L1.09: Section 8

Section 8: Using alternative goodness-of-fit indicators

The standard deviation (or the sum of squared deviations on which it is based) is an example of what is called a “cost” function, a computed value that an adjustment or decision process tries to make as small as possible. While standard deviation is by far the most commonly used cost function in modeling processes, there are other possible ways to measure a model’s quality that can be more appropriate in some circumstances. Usually these different cost functions are designed to reflect differences in economic costs of different errors (such as when an overestimate has more expensive consequences than an under­estimate), to limit the effect of big deviations on the fitting process (so that a single bad value will not change the model vary much), or to allow for cases where the importance of a deviation depends on the size of the deviation relative to the data value (which is often true for exponential models).

If you use an alternative goodness-of-fit indicator to find a “best-fit” model, make an explicit statement about what indicator was minimized. This is needed both so that people can decide how to use the model, and so that they would be able to reproduce your results from the same data.

Using the maximum deviation as an alternative goodness-of-fit indicator

Standard deviation is a good description of the size of the typical deviation between a model and its data.
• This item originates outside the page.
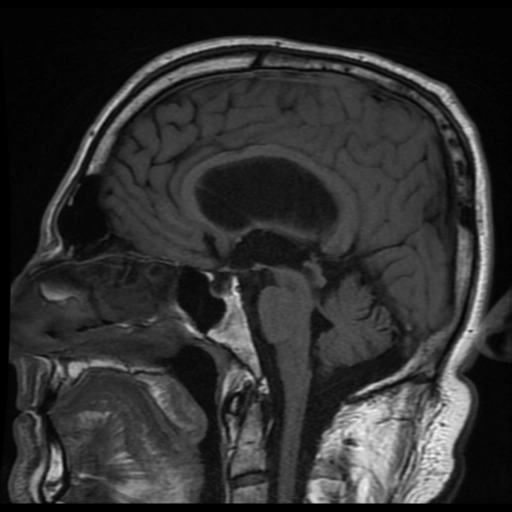 Tổn thương thể chai sau não úng thủy (Post-hydrocephalus Corpus Callosum Damage)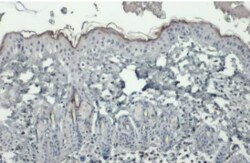 BIORBYT LLC&nbsp;Filaggrinantibody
But in some situations you may be more concerned about the maximum difference, rather than about the size of the typical difference. This can happen when you want to be able to identify a deviation amount that people can confidently expect will not be exceeded (although in that case you will usually need to allow some extra margin based on the typical random noise).

If you want to minimize the greatest difference between the population model and any individual population value, you would use the indicator “=MAX(E3:E12)” (placed in a spare cell such as H9) rather than “=SUM(E3:E12)”. If Solver is asked to minimize a cell with this formula (e.g., H9), it will adjust G3 and G4 (and any other parameters) in ways that may make the standard deviation higher, but will make the maximum distance above or below the data as small as is possible for the chosen kind of model.

Example 11: Find the exponential model that minimizes the maximum deviation from the census data.

  A B C D E F G H I
1 x y data y model Residual Squared Exponential model: y = a * (1+r)^x
2 Year-1780 Population Prediction deviation deviations MODEL PARAMETERS
3   0   2.8 3.420962 -0.620962 0.385594 3.420962 a: Initial value at x=0
4 10   3.9 4.501465 -0.601465 0.361761 0.0278937 r: Growth rate
5 20   5.3 5.923243 -0.623243 0.388432  
6 30   7.2 7.794087 -0.594087 0.352939  
7 40   9.6 10.25583 -0.655832 0.430116 Goodness of fit for these settings
8 50 12.9 13.49511 -0.595114 0.354161 Sum of sq dev 3.592537
9 60 17.1 17.75752 -0.657517 0.432328 Max sq dev 0.432328
10 70 23.2 23.36619 -0.166189 0.027619  
11 80 31.4 30.74635 0.653651 0.427259
12 90 39.8 40.45752 -0.657517 0.432328  

Note that the best-fit parameters using this indicator are slightly different from those that arose from minimizing the sum of squared deviations: a is now 3.42 rather than 3.11, and r is 2.79% instead of 2.89%. This would not make much visible difference in the graph (since the slightly-higher starting value is mostly balanced by the slightly-lower growth rate), but the maximum squared deviation has been cut about in half, to 0.43 rather than 0.95. On the other hand, the sum of squared deviations is more than twice as large (3.59 rather than 1.72), resulting in a standard deviation that is 44% larger. Such trade-offs are typical with different cost functions—the model will be better for what you focus on, but not quite as good for other purposes.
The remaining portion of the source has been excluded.